At every step, AI system N credibly assures us that AI system N+1 is safe, so our trust gets passed on in a chain. We don't have to understand on the object level why a superintelligent system is safe so long as we are confident that the initial conditions were set correctly.”
See Appendix A for a more precise sketch of this argument.
Ryan Greenblatt argues that “AI companies are unlikely to make high-assurance safety cases if timelines are short”. He argues it will be very difficult and unlikely that, within 4 years, AI companies can reach sufficient levels of cybersecurity and that they can sufficiently mitigate risks from scheming AIs. Additionally, he finds it unlikely that companies would “unilaterally slow down if they are unable to make high-assurance safety cases”.
Buhl et al.: "It is already feasible to produce rudimentary safety cases based on existing safety frameworks, though significant research breakthroughs will likely be needed to produce safety cases for future systems."
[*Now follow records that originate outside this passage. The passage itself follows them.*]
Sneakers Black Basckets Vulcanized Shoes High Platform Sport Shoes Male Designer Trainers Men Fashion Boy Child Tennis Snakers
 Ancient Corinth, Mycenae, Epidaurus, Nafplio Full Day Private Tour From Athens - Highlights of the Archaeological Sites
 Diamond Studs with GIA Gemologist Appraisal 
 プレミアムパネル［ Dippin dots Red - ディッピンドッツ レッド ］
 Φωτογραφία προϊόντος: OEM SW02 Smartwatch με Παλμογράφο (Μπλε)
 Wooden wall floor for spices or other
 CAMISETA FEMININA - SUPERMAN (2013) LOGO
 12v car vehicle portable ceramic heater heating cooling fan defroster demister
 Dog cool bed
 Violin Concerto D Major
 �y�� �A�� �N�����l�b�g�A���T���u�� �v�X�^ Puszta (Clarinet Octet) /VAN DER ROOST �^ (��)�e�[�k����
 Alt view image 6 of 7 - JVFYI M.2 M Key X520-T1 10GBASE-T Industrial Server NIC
What is the largest challenge in the adoption of AI Safety Cases in legislation?
TLDR: Safety Cases can be burdensome and have a reputation for overregulation, making them unattractive to US policymakers. Mandating Safety Cases for Frontier AI would require much more political buy-in into AI Risk than is currently there. Additionally, if governments want to mandate AI Safety Cases, they need to establish bodies with sufficient capacity to review safety cases.
Joshua Clymer: “Safety cases have historically been burdensome. They're often used in industries like the nuclear industry where people write hundreds of pages, and the documents are reviewed in a very slow process. People in the United States don't want to introduce those frictions, and I think for good reason. Safety cases are also most popular in Europe, and the European approach to regulation has a bad rap in U.S. politics right now. So I think people shouldn't use the word "safety cases" in the United States in order to avoid all the historical baggage, and instead use some other term like "risk assessments"”
Ryan Greenblatt: “It seems somewhat unlikely that in short timelines the government ends up broadly agreeing with my views on AI capabilities and misalignment risks to the extent that would be needed for the relevant government action. I don't expect the government to be fully sleepwalking, but in short timelines, very fast action might be required and the government might need to update very quickly toward aggressive action.”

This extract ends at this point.